Цыпф пристроил к своей схеме еще несколько грубых овалов, а потом провел через них жирную линию, соединяющую сразу пять территорий.

— Путь не близкий, — с сомнением произнес он.

— Зато, братец вы мой, для аггелов самый удобный.

— Ты его. Лева, слушай, — назидательно произнес Зяблик. — Он на аггелах собаку съел. Не одного на дыбе замучил.

— А кого это, интересно, аггелы чуть ли не своим считают? — перешел в атаку Смыков. — Кого они к себе зовут постоянно?

— Меня. Не отрицаю, — кивнул Зяблик. — Я же с ними одной крови, только безрогий. Мне что брата пришить, что друга — плевое дело. Ты это запомни на всякий случай… — Он встал и принялся рассматривать схему, вычерченную Цыпфом.

— Красиво рисуешь… А вот тут, слева от Нейтральной зоны, что будет?

— Терра инкогнита! — Цыпф поставил на этом месте большой вопросительный знак. — Неведомая земля, благодаря стараниям некоторых энтузиастов названная Эдемом.

Уже давно спавший Чмыхало перевернулся на спину, громко всхрапнул и забормотал что-то по-своему.

— Вот кто у нас молодец, — покосился на него Зяблик. — Время зря не теряет. Надо бы и нам на пару часиков откинуться.

Первым выпало дежурить Смыкову. За ним — Зяблику. Цыпфа и Толгая, которым предстоял долгий пеший переход, решили не беспокоить.

Над Талашевском царила тишина, но не умиротворяющая тишина леса или степи, а мертвая тишина руин, которую лишь подчеркивали свист ветра в пустых провалах окон, печальный птичий грай и всякие непонятные шорохи.

Не любивший сидеть на месте Зяблик осторожно покинул квартиру и сделал вокруг дома пару кругов.
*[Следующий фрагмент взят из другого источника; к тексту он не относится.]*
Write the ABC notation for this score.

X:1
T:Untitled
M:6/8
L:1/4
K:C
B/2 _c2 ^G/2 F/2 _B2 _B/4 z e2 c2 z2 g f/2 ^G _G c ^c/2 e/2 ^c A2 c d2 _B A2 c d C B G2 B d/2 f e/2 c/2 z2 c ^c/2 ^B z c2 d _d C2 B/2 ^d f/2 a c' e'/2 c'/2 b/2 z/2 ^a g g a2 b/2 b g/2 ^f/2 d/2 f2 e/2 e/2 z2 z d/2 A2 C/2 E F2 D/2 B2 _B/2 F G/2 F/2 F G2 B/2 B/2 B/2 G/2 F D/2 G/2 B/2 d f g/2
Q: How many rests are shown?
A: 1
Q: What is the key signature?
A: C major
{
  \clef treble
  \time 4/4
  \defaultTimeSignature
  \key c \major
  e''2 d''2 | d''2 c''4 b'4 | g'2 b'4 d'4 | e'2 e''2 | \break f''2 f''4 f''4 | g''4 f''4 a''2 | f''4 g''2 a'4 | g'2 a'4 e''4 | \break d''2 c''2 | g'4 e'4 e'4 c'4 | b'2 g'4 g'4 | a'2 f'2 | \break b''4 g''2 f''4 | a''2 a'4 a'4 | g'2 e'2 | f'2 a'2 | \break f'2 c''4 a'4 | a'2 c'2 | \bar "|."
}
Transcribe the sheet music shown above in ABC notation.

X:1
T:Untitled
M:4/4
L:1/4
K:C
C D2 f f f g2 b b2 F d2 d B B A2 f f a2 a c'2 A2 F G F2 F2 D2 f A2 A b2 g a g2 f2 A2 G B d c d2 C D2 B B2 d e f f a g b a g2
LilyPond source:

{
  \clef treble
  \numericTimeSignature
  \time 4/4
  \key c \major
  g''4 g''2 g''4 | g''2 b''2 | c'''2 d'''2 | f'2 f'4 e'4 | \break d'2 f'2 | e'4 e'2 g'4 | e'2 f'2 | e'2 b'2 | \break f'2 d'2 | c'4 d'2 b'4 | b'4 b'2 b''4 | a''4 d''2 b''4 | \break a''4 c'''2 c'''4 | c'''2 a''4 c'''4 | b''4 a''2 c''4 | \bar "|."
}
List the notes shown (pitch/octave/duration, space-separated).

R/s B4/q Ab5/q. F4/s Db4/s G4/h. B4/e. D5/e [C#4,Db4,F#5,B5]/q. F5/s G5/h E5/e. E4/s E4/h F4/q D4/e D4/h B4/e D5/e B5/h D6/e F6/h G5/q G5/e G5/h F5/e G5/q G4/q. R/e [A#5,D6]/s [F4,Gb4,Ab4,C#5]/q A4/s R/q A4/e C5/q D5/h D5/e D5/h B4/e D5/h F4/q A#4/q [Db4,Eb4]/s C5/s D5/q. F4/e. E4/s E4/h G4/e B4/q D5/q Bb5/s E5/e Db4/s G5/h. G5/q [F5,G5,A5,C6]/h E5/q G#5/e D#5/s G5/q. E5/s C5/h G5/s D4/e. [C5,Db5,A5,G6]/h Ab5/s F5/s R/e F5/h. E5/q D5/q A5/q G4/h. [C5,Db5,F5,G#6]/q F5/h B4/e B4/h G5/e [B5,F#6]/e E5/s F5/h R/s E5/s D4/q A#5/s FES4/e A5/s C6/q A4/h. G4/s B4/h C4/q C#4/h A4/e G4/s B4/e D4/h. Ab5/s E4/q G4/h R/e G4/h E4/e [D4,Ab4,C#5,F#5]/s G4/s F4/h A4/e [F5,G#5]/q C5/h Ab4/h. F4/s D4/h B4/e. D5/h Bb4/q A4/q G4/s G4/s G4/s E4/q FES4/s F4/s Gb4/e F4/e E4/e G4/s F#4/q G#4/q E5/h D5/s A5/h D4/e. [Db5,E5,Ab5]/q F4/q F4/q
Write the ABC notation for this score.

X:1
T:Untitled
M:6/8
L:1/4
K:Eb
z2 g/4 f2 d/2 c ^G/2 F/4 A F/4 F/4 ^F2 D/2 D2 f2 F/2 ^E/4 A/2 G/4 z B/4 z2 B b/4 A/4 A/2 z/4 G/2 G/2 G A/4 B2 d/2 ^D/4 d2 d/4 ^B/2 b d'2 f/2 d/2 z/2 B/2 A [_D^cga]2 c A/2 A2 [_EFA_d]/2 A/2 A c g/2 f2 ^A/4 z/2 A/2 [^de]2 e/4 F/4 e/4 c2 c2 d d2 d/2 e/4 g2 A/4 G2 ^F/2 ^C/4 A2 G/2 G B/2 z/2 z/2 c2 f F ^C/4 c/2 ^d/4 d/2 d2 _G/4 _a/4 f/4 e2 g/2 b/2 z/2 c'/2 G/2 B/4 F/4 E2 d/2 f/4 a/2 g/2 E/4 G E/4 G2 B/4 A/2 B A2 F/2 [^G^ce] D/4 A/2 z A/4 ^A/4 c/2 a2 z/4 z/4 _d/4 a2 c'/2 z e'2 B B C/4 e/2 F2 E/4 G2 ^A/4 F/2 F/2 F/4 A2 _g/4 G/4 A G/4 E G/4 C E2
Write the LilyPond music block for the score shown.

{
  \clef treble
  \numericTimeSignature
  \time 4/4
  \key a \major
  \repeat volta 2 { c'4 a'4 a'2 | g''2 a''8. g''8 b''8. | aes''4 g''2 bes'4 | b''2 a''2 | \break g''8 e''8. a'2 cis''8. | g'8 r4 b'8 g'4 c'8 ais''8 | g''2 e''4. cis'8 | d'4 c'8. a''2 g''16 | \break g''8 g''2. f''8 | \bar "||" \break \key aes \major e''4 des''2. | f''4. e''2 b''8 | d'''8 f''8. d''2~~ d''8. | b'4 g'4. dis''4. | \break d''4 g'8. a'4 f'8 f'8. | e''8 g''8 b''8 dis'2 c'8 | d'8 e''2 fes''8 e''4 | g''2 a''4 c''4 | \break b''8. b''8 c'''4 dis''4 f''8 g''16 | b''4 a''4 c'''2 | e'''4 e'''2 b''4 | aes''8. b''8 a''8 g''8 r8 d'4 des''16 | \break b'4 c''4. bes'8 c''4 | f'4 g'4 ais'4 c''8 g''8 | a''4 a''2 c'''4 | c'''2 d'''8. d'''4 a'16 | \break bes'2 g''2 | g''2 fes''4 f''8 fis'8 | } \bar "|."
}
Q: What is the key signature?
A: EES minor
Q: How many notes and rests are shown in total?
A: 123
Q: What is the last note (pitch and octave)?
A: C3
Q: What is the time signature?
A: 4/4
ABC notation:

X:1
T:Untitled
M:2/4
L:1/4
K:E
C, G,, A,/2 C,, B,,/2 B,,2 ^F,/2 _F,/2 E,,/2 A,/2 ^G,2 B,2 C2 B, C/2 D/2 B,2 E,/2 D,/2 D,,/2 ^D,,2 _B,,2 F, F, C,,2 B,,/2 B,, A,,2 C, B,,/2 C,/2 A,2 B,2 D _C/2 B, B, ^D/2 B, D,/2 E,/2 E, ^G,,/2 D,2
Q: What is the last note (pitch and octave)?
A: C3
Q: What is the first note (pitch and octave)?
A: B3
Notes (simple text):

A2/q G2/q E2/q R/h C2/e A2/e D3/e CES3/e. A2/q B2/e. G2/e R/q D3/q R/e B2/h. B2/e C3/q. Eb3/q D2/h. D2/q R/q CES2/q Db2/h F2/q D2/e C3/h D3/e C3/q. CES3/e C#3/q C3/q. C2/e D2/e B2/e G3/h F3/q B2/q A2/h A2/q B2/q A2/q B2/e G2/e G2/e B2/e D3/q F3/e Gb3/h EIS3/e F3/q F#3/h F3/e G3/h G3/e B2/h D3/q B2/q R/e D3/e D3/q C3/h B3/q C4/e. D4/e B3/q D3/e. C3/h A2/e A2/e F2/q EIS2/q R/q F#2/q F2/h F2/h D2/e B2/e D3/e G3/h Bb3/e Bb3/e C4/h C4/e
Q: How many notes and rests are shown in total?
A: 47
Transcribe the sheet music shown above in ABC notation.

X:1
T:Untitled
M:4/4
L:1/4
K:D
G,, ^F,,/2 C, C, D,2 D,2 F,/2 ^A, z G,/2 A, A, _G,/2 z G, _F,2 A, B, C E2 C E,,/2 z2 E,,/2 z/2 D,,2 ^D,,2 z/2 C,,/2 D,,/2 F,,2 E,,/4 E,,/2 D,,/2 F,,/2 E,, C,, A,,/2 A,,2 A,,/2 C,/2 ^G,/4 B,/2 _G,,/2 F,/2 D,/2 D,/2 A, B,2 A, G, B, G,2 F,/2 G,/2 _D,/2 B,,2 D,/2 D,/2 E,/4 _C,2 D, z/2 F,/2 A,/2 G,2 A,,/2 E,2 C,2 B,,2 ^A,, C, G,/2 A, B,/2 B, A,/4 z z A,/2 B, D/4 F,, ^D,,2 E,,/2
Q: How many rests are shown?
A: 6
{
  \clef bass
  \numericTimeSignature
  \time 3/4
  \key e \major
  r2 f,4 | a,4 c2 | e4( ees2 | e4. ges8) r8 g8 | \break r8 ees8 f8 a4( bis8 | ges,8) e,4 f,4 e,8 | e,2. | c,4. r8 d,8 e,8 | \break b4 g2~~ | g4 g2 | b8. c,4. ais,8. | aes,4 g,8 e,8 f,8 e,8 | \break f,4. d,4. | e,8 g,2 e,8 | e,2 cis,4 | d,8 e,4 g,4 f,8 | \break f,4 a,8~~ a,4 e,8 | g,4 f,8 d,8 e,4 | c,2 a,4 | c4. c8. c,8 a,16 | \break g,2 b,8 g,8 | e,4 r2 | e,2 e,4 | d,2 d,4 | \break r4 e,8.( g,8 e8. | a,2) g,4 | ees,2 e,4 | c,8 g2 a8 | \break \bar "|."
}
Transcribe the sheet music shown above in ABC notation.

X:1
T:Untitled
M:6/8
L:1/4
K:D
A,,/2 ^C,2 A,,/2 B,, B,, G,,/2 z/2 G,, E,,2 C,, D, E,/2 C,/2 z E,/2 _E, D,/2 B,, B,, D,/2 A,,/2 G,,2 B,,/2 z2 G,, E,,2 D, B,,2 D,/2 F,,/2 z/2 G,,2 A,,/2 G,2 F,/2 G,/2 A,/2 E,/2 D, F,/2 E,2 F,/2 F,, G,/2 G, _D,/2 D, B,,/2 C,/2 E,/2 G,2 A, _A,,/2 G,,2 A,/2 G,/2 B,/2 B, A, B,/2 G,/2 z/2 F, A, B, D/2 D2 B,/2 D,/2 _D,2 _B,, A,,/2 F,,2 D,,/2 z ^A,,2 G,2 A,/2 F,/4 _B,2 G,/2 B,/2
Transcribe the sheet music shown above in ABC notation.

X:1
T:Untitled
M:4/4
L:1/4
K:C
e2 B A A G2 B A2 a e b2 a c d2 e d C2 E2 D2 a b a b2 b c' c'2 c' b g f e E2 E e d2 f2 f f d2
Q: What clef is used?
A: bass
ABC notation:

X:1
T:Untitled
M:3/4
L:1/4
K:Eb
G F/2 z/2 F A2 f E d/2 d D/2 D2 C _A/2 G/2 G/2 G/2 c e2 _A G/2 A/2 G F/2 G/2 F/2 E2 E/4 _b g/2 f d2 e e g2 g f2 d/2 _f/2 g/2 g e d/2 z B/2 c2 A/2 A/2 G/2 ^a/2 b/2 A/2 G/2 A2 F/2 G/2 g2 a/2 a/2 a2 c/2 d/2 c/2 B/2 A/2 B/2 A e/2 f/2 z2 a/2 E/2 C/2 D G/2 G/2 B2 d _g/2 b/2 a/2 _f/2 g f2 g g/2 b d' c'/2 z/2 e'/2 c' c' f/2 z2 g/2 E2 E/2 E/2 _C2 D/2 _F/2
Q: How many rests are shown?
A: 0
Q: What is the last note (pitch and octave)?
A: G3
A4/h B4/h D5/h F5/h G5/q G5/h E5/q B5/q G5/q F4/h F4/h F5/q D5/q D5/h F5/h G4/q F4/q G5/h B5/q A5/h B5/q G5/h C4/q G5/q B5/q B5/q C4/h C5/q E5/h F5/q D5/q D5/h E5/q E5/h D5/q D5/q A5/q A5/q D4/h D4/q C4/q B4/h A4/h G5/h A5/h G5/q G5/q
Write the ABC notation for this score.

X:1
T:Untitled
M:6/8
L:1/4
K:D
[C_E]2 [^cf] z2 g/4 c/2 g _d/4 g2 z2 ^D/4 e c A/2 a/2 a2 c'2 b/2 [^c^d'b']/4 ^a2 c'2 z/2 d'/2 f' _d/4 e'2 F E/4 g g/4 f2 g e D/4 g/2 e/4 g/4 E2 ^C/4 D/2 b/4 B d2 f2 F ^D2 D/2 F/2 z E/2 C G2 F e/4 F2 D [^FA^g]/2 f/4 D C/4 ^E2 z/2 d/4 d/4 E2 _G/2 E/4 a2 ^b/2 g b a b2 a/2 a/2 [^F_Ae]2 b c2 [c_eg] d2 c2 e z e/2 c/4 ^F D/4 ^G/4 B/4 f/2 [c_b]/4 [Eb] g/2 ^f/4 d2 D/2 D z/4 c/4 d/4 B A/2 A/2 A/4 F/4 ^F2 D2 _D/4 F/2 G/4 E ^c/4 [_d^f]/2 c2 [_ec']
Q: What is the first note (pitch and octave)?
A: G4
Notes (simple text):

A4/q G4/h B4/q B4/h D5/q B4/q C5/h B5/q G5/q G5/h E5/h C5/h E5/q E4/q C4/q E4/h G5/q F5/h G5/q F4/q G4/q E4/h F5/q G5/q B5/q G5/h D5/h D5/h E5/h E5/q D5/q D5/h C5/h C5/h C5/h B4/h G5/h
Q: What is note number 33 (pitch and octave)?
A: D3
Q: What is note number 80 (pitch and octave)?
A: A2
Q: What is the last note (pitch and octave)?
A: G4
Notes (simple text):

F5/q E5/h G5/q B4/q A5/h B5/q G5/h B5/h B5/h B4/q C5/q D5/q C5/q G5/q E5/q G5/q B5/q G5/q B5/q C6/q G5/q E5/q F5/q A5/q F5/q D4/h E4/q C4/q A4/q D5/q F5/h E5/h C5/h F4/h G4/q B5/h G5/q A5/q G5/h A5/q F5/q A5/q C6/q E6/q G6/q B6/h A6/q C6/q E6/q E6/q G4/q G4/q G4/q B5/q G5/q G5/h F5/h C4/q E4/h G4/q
Все внешне было спокойно: на тропинках не появилось новых следов, никто не потревожил паука-крестовика, затянувшего своими тенетами вход в соседний подъезд, все прутики, которые Смыков предусмотрительно натыкал на путях возможного подхода врага, находились на своих местах. Вскоре заморосил дождь и прогнал Зяблика со двора под крышу.

— Где ты был? — спросил Цыпф, так и не сумевший толком заснуть.

— Так… Прогулялся. На душе что-то тревожно.

— И у меня, — признался Лева. — Слушай, как ты думаешь, что это было?

— Где?

— Там, на железной дороге.

— Не знаю… Не колышет это меня с некоторых пор. Зачем зря голову ломать? Не по нашим мозгам такие дела.

— Ты пойми… Железный вагон — в лепешку. Рельсы в петли завязало. Я горные обвалы видел, но и там такой мощи нет. А тут на ровном месте… Какая сила гнала эту гору?

— Может, изнутри что-то перло…

— А что? Это же не вулкан, не землетрясение, не атомный взрыв. Знаешь, что мне все это больше напоминает?

— Ну?

— Смотри, — он посадил таракана на нос Чмыхало. — Сейчас ему станет щекотно, и лицевые мышцы рефлекторно сократятся.

Действительно, щека Чмыхало дернулась, под кожей прокатился желвак, и таракан резво бросился наутек.

— Хочешь сказать, земля ожила, — недовольно произнес Зяблик.

— Я понимаю, что это невозможно. Но ты ведь сам показал мне камень, который вдруг стал расти. А гранит, в течение считанных минут превращающийся в жижу, а потом вновь твердеющий? А дома, вставшие на дыбы? А этот странный гул? У меня от него поджилки трясутся.

— Лева, тебе вставать пора. Буди Толгая и топай за драндулетом. И не трави себе душу всякой чепухой. Без этого тошно… А я пока покимарю чуток…

Окончательно проснувшись, Зяблик услышал, как кто-то на кухне скребет вилкой по сковородке, а потом болтает ложечкой в чашке.

У противоположной стены на диване лежал Смыков, и глаза у него были по блюдцу. Увидев, что Зяблик приподнялся с подушки, он предостерегающе прижал к губам ствол пистолета.

Человек на кухне допил чай, уронил что-то на пол, откашлялся, а потом спросил:

— Ну что молчите? Проморгали… Что делать думаете? — на беду, сказано это было совсем не тем тоном, который устраивал Зяблика.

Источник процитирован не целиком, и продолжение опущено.